Operating Constraints

• No code edits. This skill produces an audit report only. Implementation is a separate step.
• Scope: classic code smells and Python-specific antipatterns only. Do not flag SOLID violations (→ solid-hunter-py), type design debt or primitive obsession (→ type-hunter-py), module boundary issues (→ boundary-hunter-py), invariant enforcement (→ invariant-hunter-py), structural complexity (→ simplicity-hunter-py), missing documentation (→ doc-hunter-py), security (→ security-hunter-py), test quality (→ test-hunter-py), or AI-generated noise (→ slop-hunter-py). If a finding is better described as a SOLID principle violation, type design issue, or boundary problem, defer to the specialized hunter.
• Evidence required. Every finding must cite file/path.py:line with the exact code.
• Context matters. A smell in a prototype is less urgent than a smell in a payment system. Assess severity relative to the code's criticality and change frequency.

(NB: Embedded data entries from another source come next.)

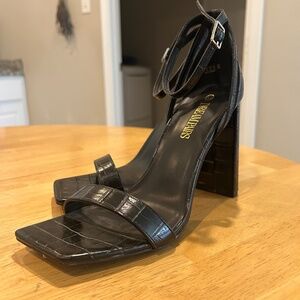 Black Heels / 8.5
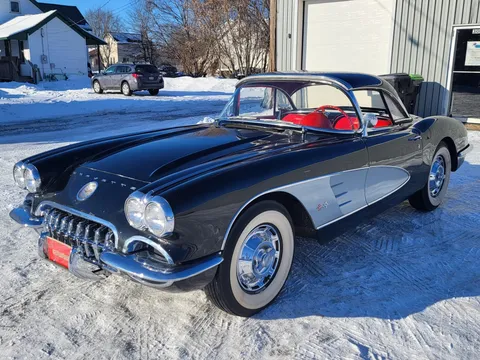 1960 Chevrolet Corvette C1 - Image 2 of 31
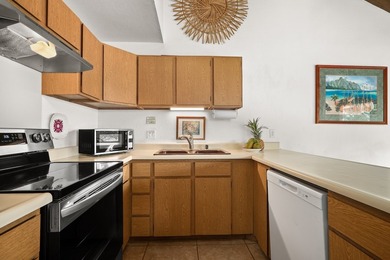 Kahala 421 is a top-floor, corner one-bedroom, one-bath - photo 8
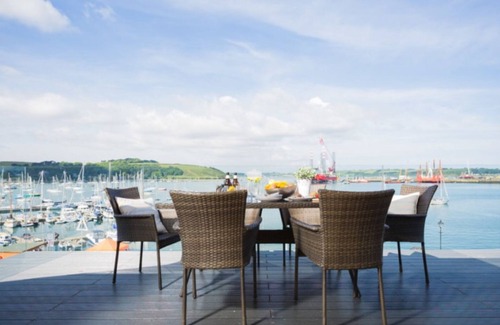 Mylor Churchtown House | Luxury house on quay with 180 degree views of estuary with parking on the quay.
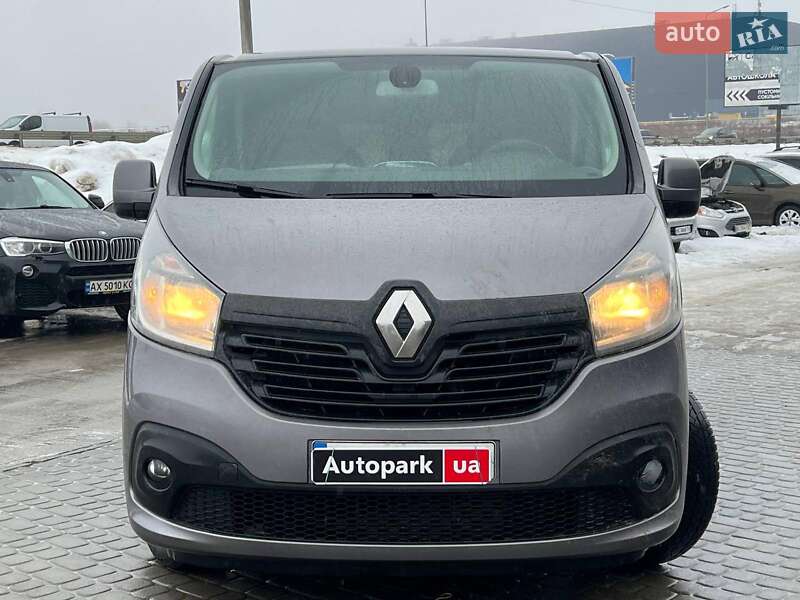 Мінівен Renault Trafic 2015 в Львові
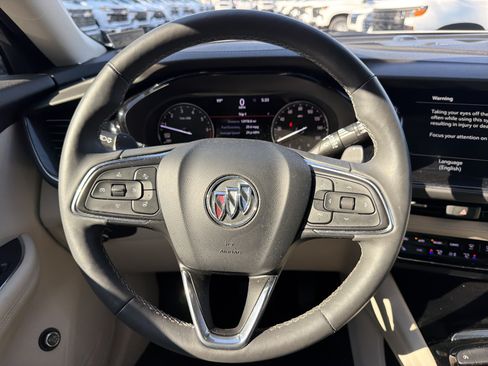 Used 2022 Buick Envision Essence w/ Safety Package FWD image 18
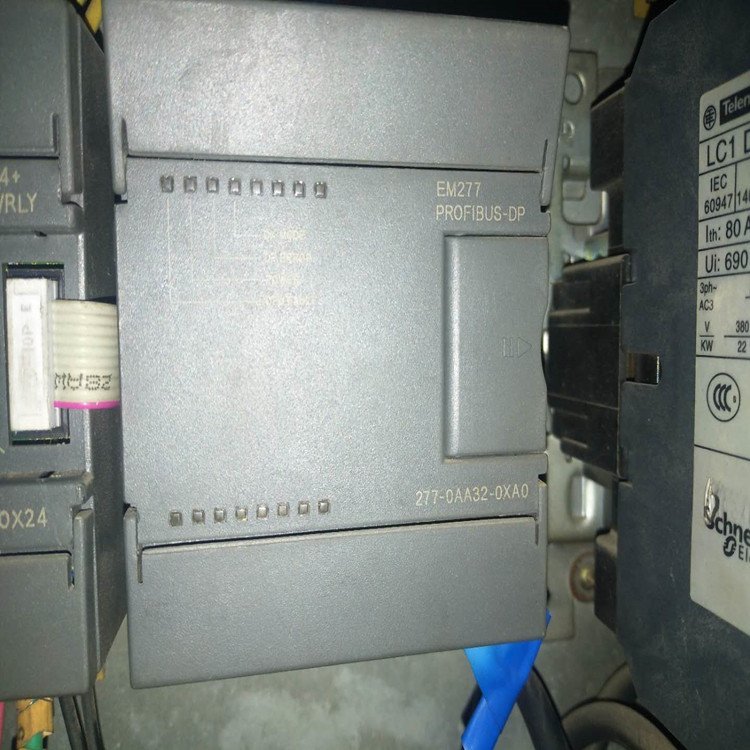 西門子6SL3210-1SE26-0UA0SINAMICSS12030KW變頻器功率模塊PM340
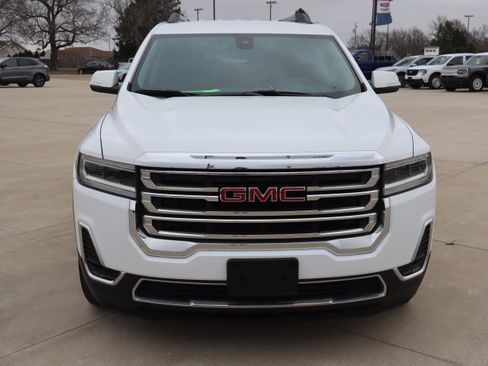 Used 2023 GMC Acadia SLE w/ Driver Convenience Package image 3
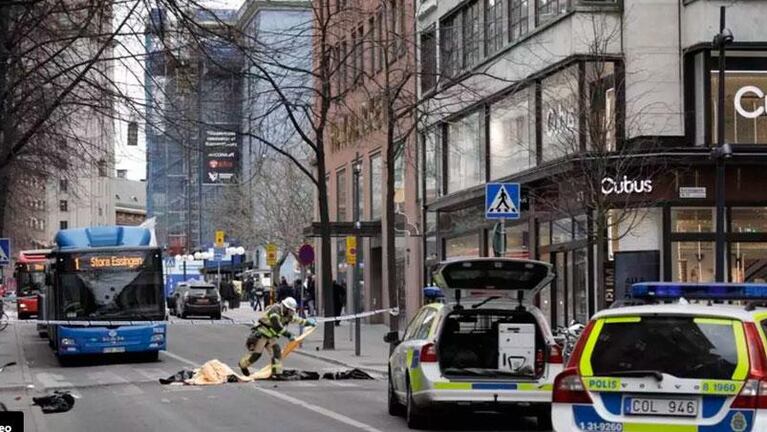 Un camión atropelló a varias personas en Estocolmo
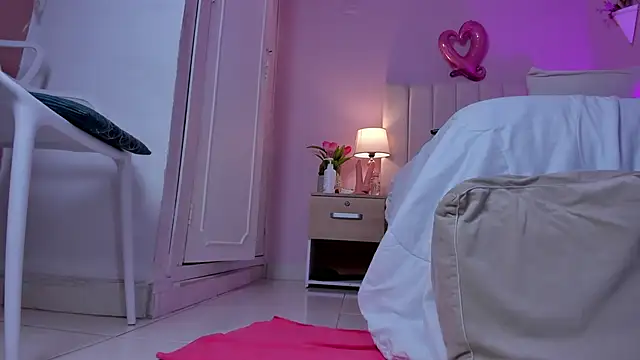 Snapshot of _bianca_18 chatting on 03-08-25, 02:51 bianca 18 online show from 03-08-25, 02:51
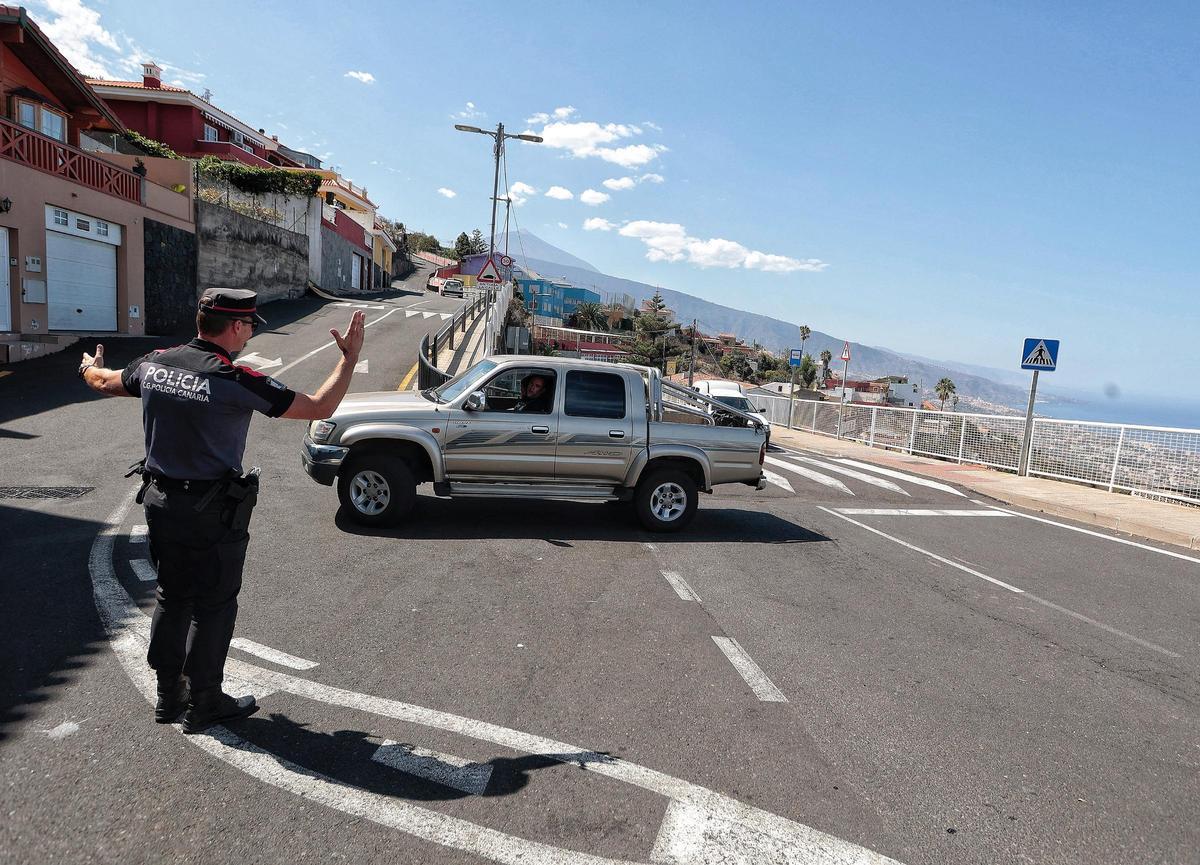 Policía en el cruce de la calle Pino Alto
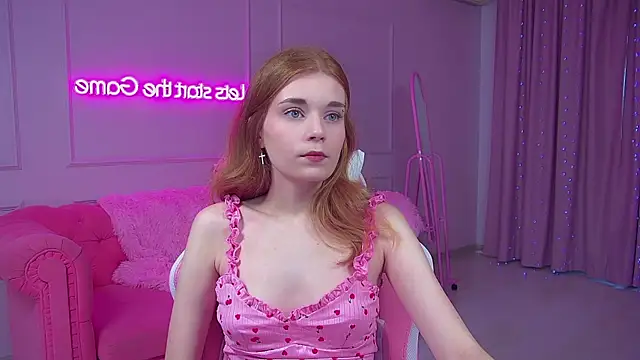 Snapshot of MelissaBauch chatting on October 2025 12:49:01 PM MelissaBauch online show from October 2025 12:49:01 PM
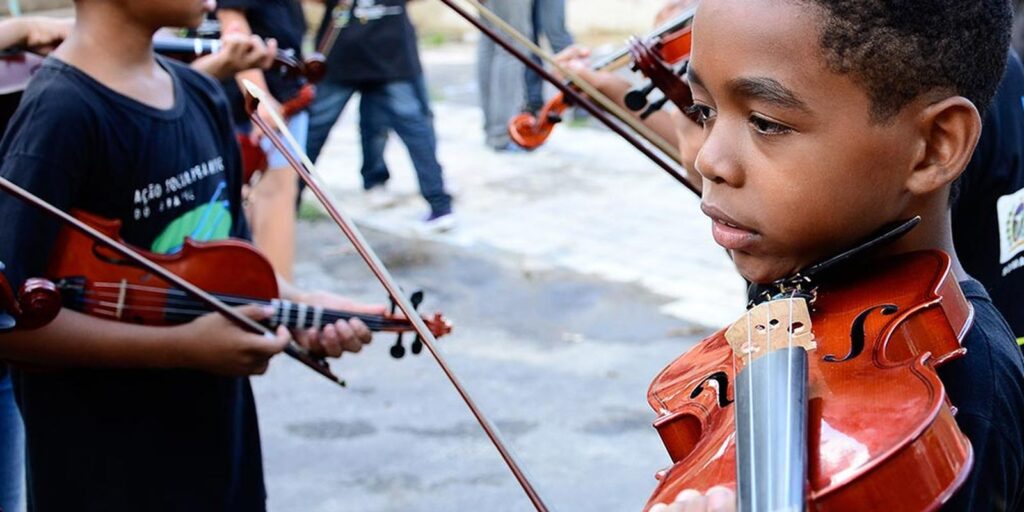 projeto-leva-aulas-de-musica-para-criancas-em-areas-vulneraveis-do-rio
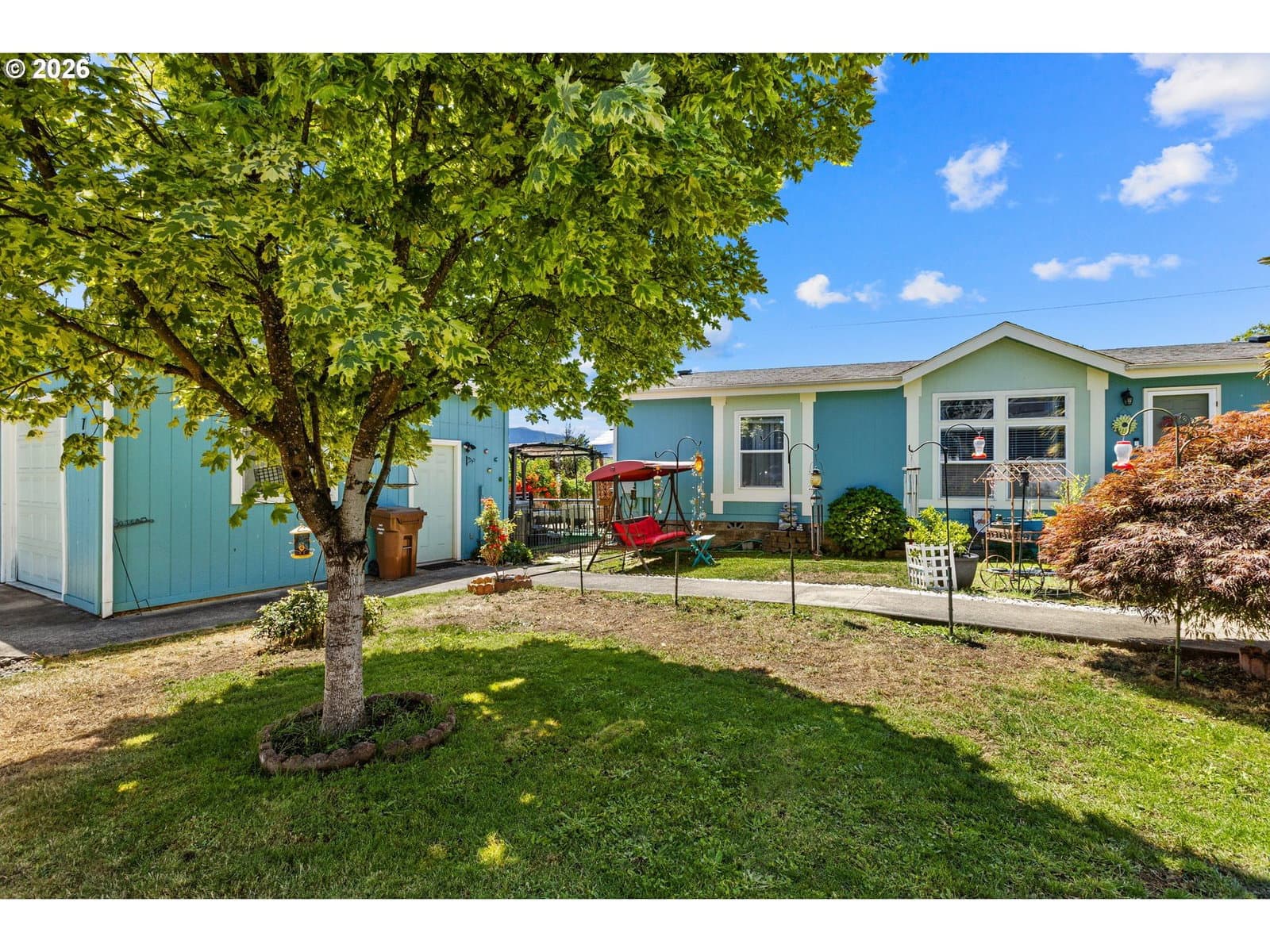 Listing photo 1 of 6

• Pragmatism. Not every smell requires action. A data clump that appears twice may not justify a new type. Feature envy in a utility function may be intentional. Report the smell, assess the cost/benefit, and let the team decide.
• Respect Python idioms. Python's duck typing, module system, and dynamic features are its strengths. Calibrate to Python conventions, not patterns from Java, C#, or TypeScript.
• Handoff, not duplication. Smells often have root causes owned by other hunters. Smell-hunter owns the symptom detection (e.g., "these 8 files always change together"); the root-cause fix may belong to boundary-hunter (dependency direction), solid-hunter (SRP), or simplicity-hunter (mixed concerns). When a finding clearly belongs to another hunter's domain, note it as a cross-reference in the report and do not duplicate the analysis. When the smell is the primary signal and no other hunter covers the detection method, own the finding.
• Assess refactoring risk briefly. Actions are recommendations, not commands — implementation is a separate step. When a recommendation would affect exported API surface, serialization behavior, or framework constraints (e.g., Django model structure, SQLAlchemy mappings), note the risk in the Action column.